El fin de semana me he atosigado de columnas de opinión y de informes periodísticos sobre política y pandemia. Pero también he hecho y cocinado tartas y empanadas de verdura, escuchado música, intercambiado imágenes y whatsApps con mis nietas, releído algunas páginas de libros que tengo subrayadas, y sacado con pala importantes deposiciones caninas en la entrada a mi hogar.

También he caminado una y otra vez en un circuito que va del comedor de casa a las dos habitaciones y de ahí al patiecito, enviado y recibido mails de colegas y amigos, escuchado al Presidente y terminado de ver la segunda temporada de la serie After Life.

La mancha

Si usted me pregunta que es lo que más recuerdo de todo eso le diría que, por un lado, el olor y la textura del brócoli que cociné y luego sofrité para hacer una tarta que salió bastante buena.

Y por otro lado, el  impresionante arranque sonoro de El anillo de los nibelungos (o del nibelungo, según las traducciones), de Richard Wagner, logrado por una orquesta que dirigió el argentino Daniel Baremboim, y que encontré en el sitio digital  de Horacio Verbitsky El cohete a la luna.

 Esa música figuraba al pie de una nota firmada por ese ínclito kirchnerista acerca de lo que se considera que es la mancha de tuco del músico alemán, su antisemitismo, tan en boga mucho antes de que naciera Hitler, y que, admite Verbitsky, nunca contaminó la impresionante obra musical de Wagner.

Agárrense de las manos

Está claro que mi rescate de esas cosas no tiene que ver con ninguna jerarquía de temas periodísticos, ni privilegia el brócoli sobre los anuncios presidenciales, ni pone a la música de Wagner por encima de la peste. Tiene que ver con sensaciones muy singulares que, estimo, están favorecidas por el aislamiento social de 40 días.

En casi todas esas columnas leídas el fin de semana hay un leivmotiv : el de que estamos en un momento bisagra de la humanidad.

Según la alemana Angela Merkel, no ha habido desde la Segunda Guerra Mundial un suceso que haya producido el impacto global que el coronavirus está teniendo en la economía de todos los países.

¿Alguien imaginó alguna vez que se podían llegar a cerrar todos los aeropuertos del mundo y las fronteras de los países? ¿De que los comercios de las ciudades iban a bajar sus persianas, de que no habría fútbol en todo el planeta, ni clases, ni cines, ni hoteles, ni telos, ni recitales, ni cumpleaños, ni fiestas de casamientos, y que el Ministerio de Salud nos iba a pedir que mejor tuviéramos sexo virtual.

Cambia, todo cambia

El coronavirus, afirman, “acelerará la historia” y algunos prometen revoluciones en varios naciones reacias a los cambios.

Lo que se viene –aseveran- es una etapa de reformulaciones en las empresas, en los partidos políticos, en los sindicatos, en los medios de comunicación, en la enseñanza universitaria.
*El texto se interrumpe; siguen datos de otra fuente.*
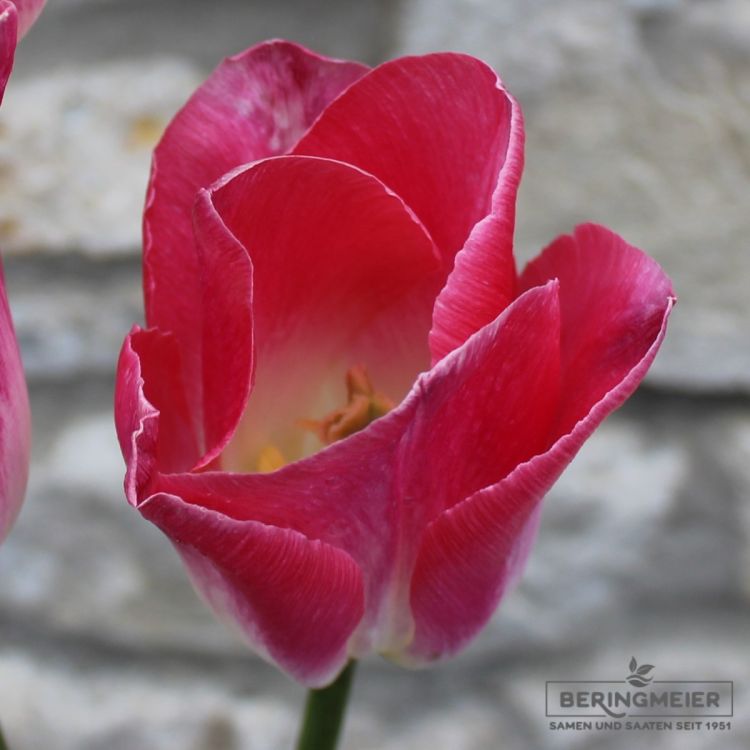Triumph Tulpen Dynasty 3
Cambian o mueren, plantean los más osados.

También nos anotician que la genética adquirirá una importancia superlativa porque se convertirá en el principal campo de los avances científicos.

 Las próximas generaciones, señala el empresario periodístico Jorge Fontevecchia, quizás lo resuelvan mejor porque el ADN social se encargará de traspasarles esta información como la nueva normalidad.

Nuevos miedos

Hay ahora miedos sociales que no eran comunes. Por ejemplo, el de morir sin la compañía de ningún ser querido. El miedo de los sanos a no poder despedirse de los parientes o amigos que enferman.

El miedo de los médicos y enfermeros a ser estigmatizados o acosados por vecinos que de pronto no los quieren en su entorno barrial pese a que al principio los aplaudían desde los balcones.

¿Cómo se van a evaluar ese tipo de daños cuando se haga un balance sobre el descalabro económico que nos dejará la pandemia?

Digo yo, para ir terminando: ante todos esos cambios que, nos aseguran, vendrán tras la peste ¿podremos conciliarlos con  el disco duro de la condición humana?